CRMO/CNOの治療は確立されておらず、NSAIDsDMARDsが経験的に使用される。最近は、ビスフォスフォネート剤の使用が普及してきており、そのほとんどはパミドロネートである。パミドロネートにより48時間以内に疼痛の改善がみられ、画像上の寛解も報告されている。有効率は8割が改善と高い。投与方法は骨形成不全症で用いられる方法(1日目0.5mg/kg、2-3日目1.0mg/kg)に準ずる。
 
・パミドロネート中止後の再発はよくある。9例中4例とするもの、7例中5例とするもの。9例中4例の再発例は1回の追加投与で再度寛解した。
 
・副作用は1回目の投与後にflu-like illnessが多い。重篤なものはない。成長障害や下顎骨壊死は起きていない。
 
・将来の妊娠の懸念については記載された論文がひとつだけ。「計画的な妊娠より前、少なくとも1年は使用を控える」とのExpert’s opinion
 
TNF阻害薬を使用したケースが過去に20例あまり。有効性は65%、無効が35%
 
 
 
 <Senario caseの経過>
パミドロネートは骨形成不全症ではガイドラインでも勧められている。
 
パミドロネートの保険適応は悪性腫瘍による高カルシウム血症、乳癌の溶骨性転移のみであり、骨形成不全もDSO/CRMOも保険外診療となる。
 
使用経験が豊富な施設に紹介する方針とした。
 
 
<UptodateでもCRMOを調べましたが、治療内容の記載が不十分でした・・>
Chronic nonbacterial osteomyelitis(慢性非細菌性骨髄炎)— CNO (CRMOがもっともコモン) は自己免疫性炎症性疾患であると考えられている。初期症状は骨髄炎と同様である。たくさんの症例報告があるが真の発生率は不明。
臨床症状は以下の通り
・子どもと思春期に起き、女児に多い。70例のシリーズによると発症年齢は9.6歳(3-17歳)、67%が女性。

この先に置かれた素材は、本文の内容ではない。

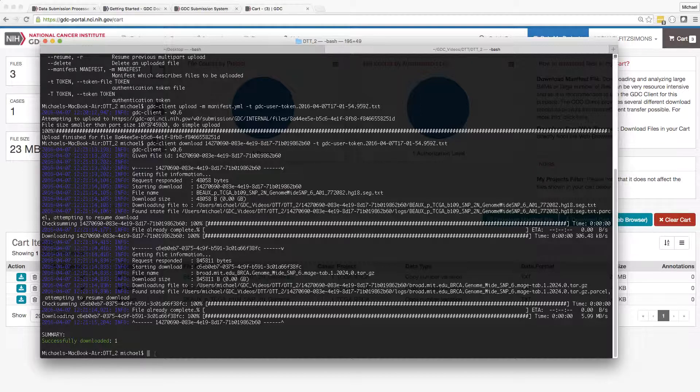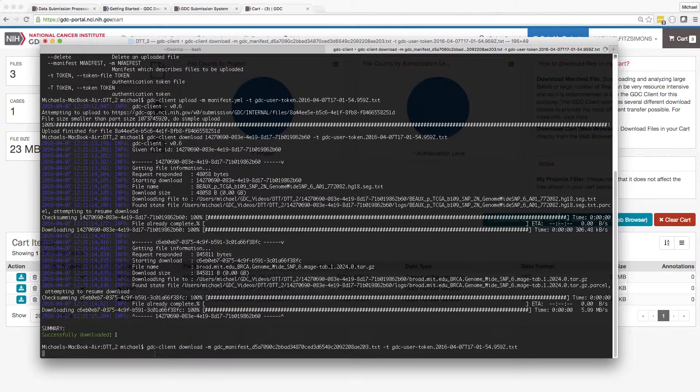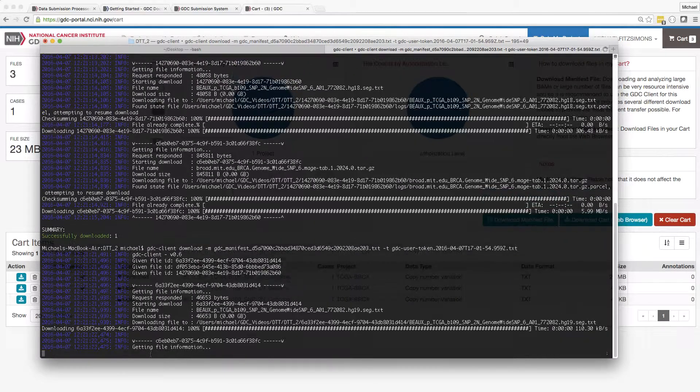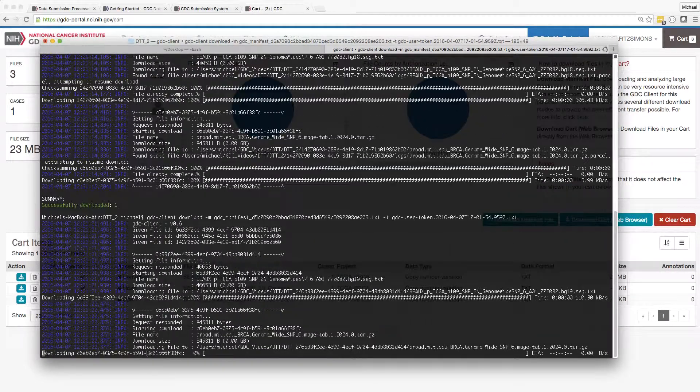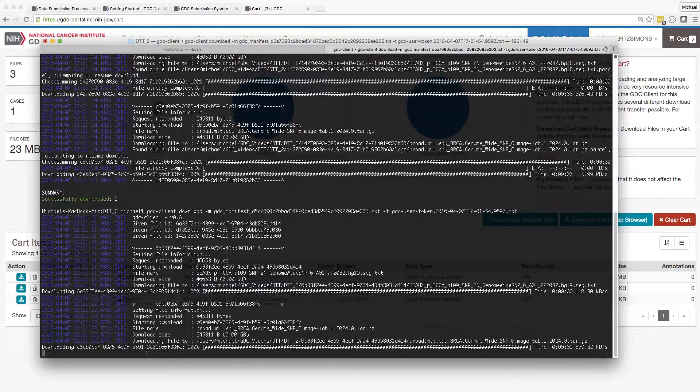In this command, I am downloading a set of files specified in the manifest I recently downloaded.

・発症時の症状は骨の痛み、限局した腫脹、発熱。手掌、足底の膿疱性皮疹が慢性や再発性の症例に起きるかもしれない。
・実際はすべての患者に炎症反応上昇を認める(ESR and/or CRP
・管状の骨の骨幹端部がよく侵される。単発の病変も約20%に起き、下顎骨が最も侵されやすい。多発性の場合、パターンは1/4で対称性。
CRMOは単独で発症することがほとんどであるが、症候群の一部分症として起きることもある。Majeed症候群は上染色体劣性の生涯にわたる疾患であり、CRMOと先天性赤血球異型性貧血と一過性の炎症性の皮疹からなる。CRMOはまれなIL1受容体の欠乏症の患者で起きるかもしれない。
画像検査は骨病変を限局するかもしれないし、膿瘍や洞管のような慢性骨髄炎でない所見を示唆するかもしれない。しかし、政権組織が無菌であることを繰り返すことによって通常は診断に至る。
ステロイドNSAIDsによる治療は一時的な症状の改善をもたらすかもしれないが、再発はコモンである。スルファサラジン、メトトレキサート、ガンマインターフェロンTNF阻害薬、およびビスフォスフォネート剤の有効性が報告されている。
臨床経過は予測できない。70例のシリーズにおいて、43%が中央値22カ月の間、寛解を維持した。合併症には病的骨折、側碗症、椎体骨折がある。